Ms. Norton's message surfaced the other day in the ever vigilant Weekly Standard, which printed a transcript of her sales pitch verbatim, complete with stops and starts and pauses. The full text provides an invaluable insight into how our public "servants" do business in the nation's capital, principally for their own benefit. As a public servant, the delegate from Washington, D.C., makes a fine schnorrer. Just listen to the exact message the Hon. Ms. Norton left for that lobbyist and mark:

"This is, uh, Eleanor Norton. Congresswoman Eleanor Holmes Norton. Uh, I noticed that you have given to, uh, other colleagues on the Transportation and Infrastructure Committee. I am a, um, senior member, a 20-year veteran and am chair of the subcommittee on Economic Development, Public Buildings and Emergency Management. I'm handling the largest economic development project in the United States now, the Homeland Security Compound of three buildings being built on the, uh, old St. Elizabeth's hospital site in the District of Columbia along with, uh, 15 other, uh, sites here for, that are part of the stimulus.

"I was, frankly, uh, uh, surprised to see that we don't have a record, so far as I can tell, of your having given to me despite my uh, long and deep, uh, work. In fact, it's been my major work, uh, on the committee and subcommittee it's been essentially in your sector. I am, I'm simply candidly calling to ask for a contribution. As the senior member of the um, committee and a subcommittee chair, we have (chuckles) obligations to raise, uh, funds. And, I think it must have been me who hasn't, frankly, uh, done my homework to ask for a contribution earlier. So I'm trying to make up for it by asking for one now, when we particularly, uh, need, uh, contributions, particularly those of us who have the seniority and chairmanships and are in a position to raise the funds.

"I'm asking you to give to Citizens for Eleanor Holmes Norton, P.O. Box 70626, D.C., 20024. I'll send you a follow-up note with appreciation for having heard me out. Thanks again."

I particularly liked the part about "those of us who have the seniority and chairmanships and are in a position to raise the funds." Delegate Norton didn't bother with subtleties about controlling a pipeline of benefits. She had the candor to come right out with it: Send me your money and, uh, here's right where to mail it.

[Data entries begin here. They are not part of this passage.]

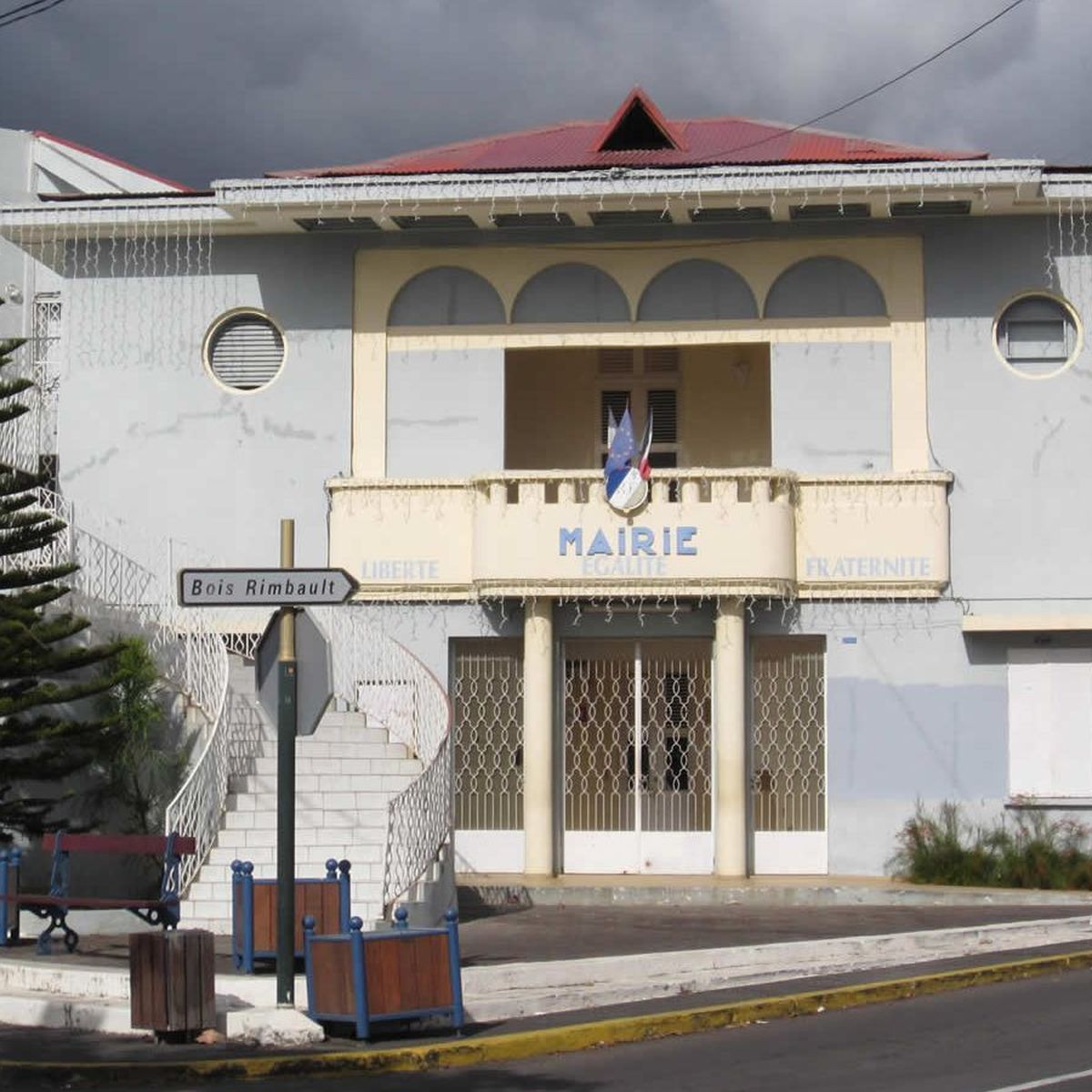 Resultats Municipales Baillif Garde Marie Yveline Theobald Ponchatea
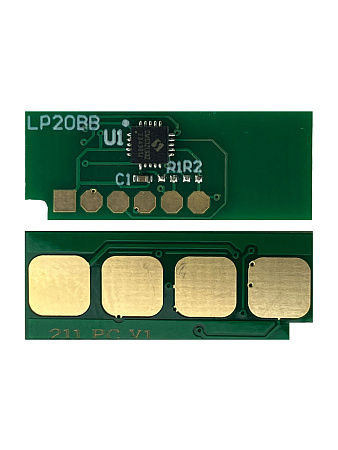 Чип к-жа для Pantum P2200/M6500 (1,6K) PC-211EV  (УПАКОВКА 10 шт) UNItech Ограниченное применение! 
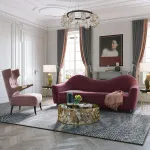 Дизайнерское кресло LaLume-KK00257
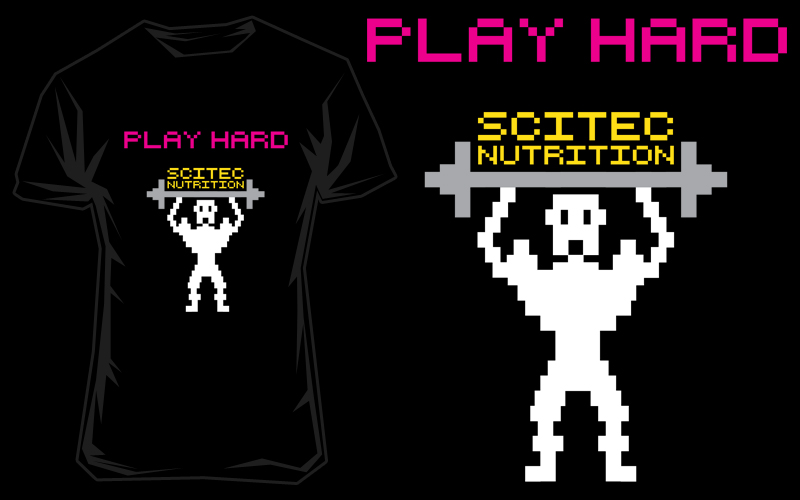 SCITEC T-Shirt Invader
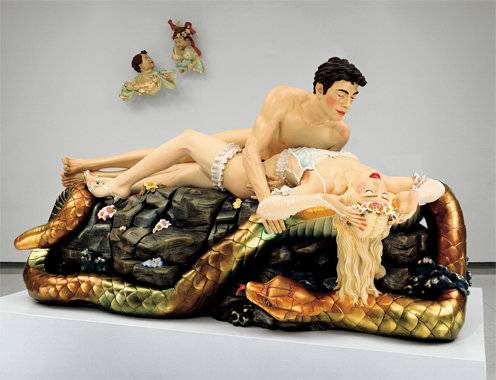 'Jeff and Ilona (Made in Heaven)' Jeff Koons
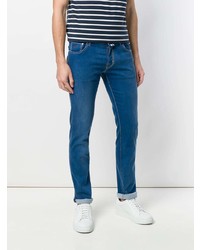 blaue Jeans von Jacob Cohen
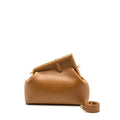 FENDI FIRST MEDIUM NAPPA LAMBSKIN CARAMEL GHW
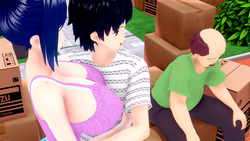 My Life With 4 Succubus [v0.100-a] [AbrokenA] screenshot 0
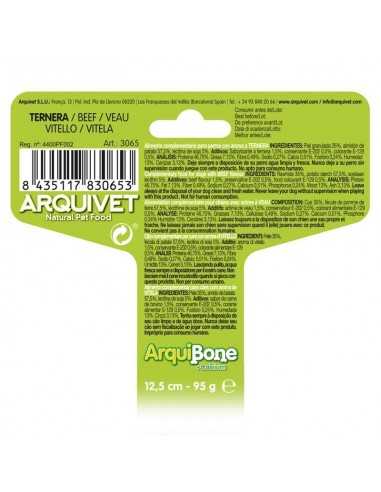 ARQUIBONE BUEY 12,5 CM.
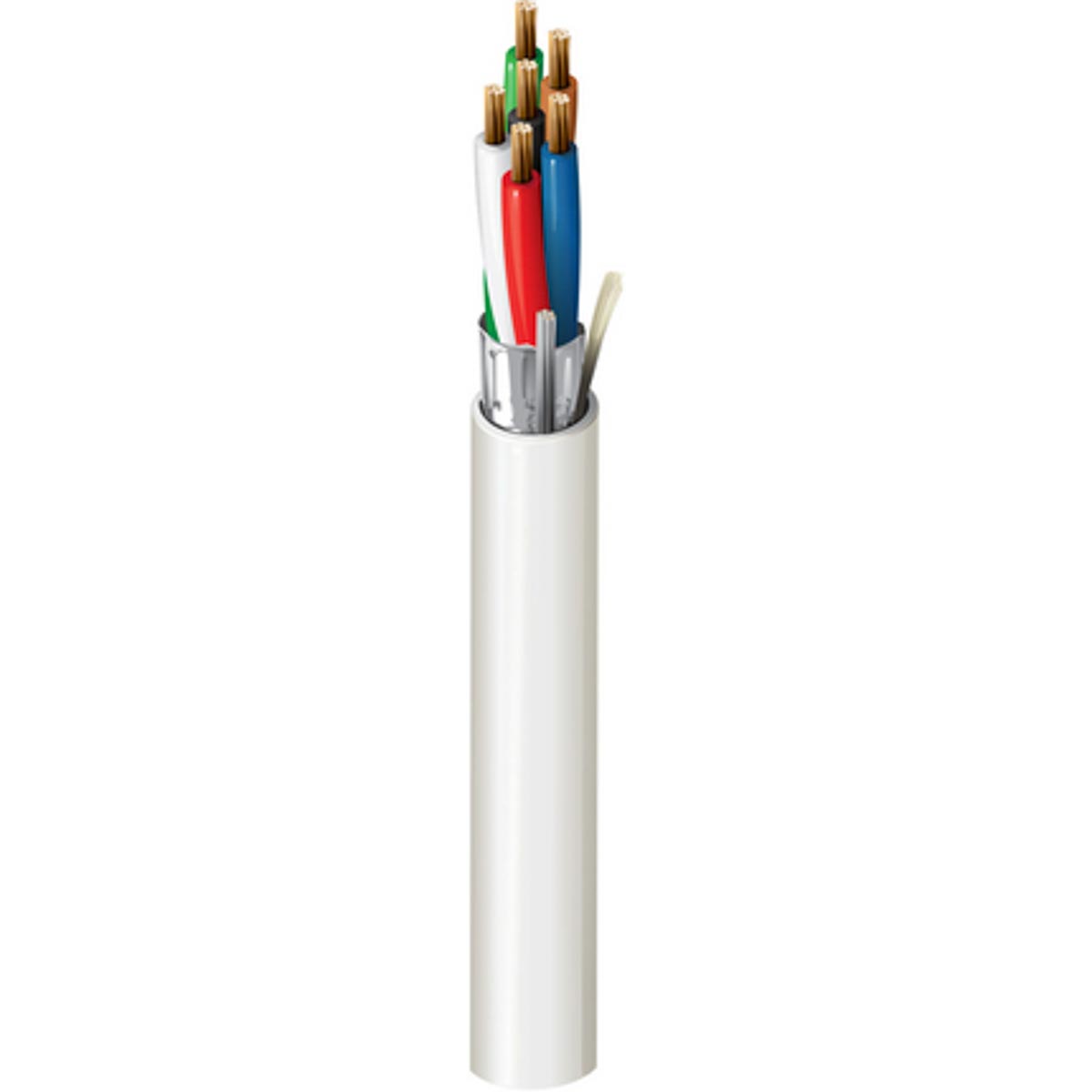 Belden 5504FE Control Cable, 6 Cores, 0.33mm² 22 AWG, Screened, 152 m, Grey Polypropylene Sheath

The "honorable" delegate from D.C. may not have a vote in the House (thank goodness) but chutzpah she's got. A surplus of it, to judge by this voice message. By the time she's finished using her position to raise campaign funds, she, uh, should also have plenty of money to spend this fall. (Chuckle.) Much like Blanche Lincoln, who also knows a thing or two about how to raise money. Lots of it.

Want to know why so many Americans are mad as hell and not taking it any more? If you're one of the few left who wonder what all those folks at Tea Party rallies are so exercised about, or why Politician has become a term of less than endearment in the American vocabulary, or why so many of us want the In-Crowd in Washington out, or why so many voters seem bound and determined to throw the rascals out this election cycle, even if only to elect new ones ... all you need do is hear Blanche Lincoln talk about using her high office as a "pipeline" into the federal Treasury for our benefit here in Arkansas. As if she could buy our votes -- with our own money. And maybe she can. It's been done before.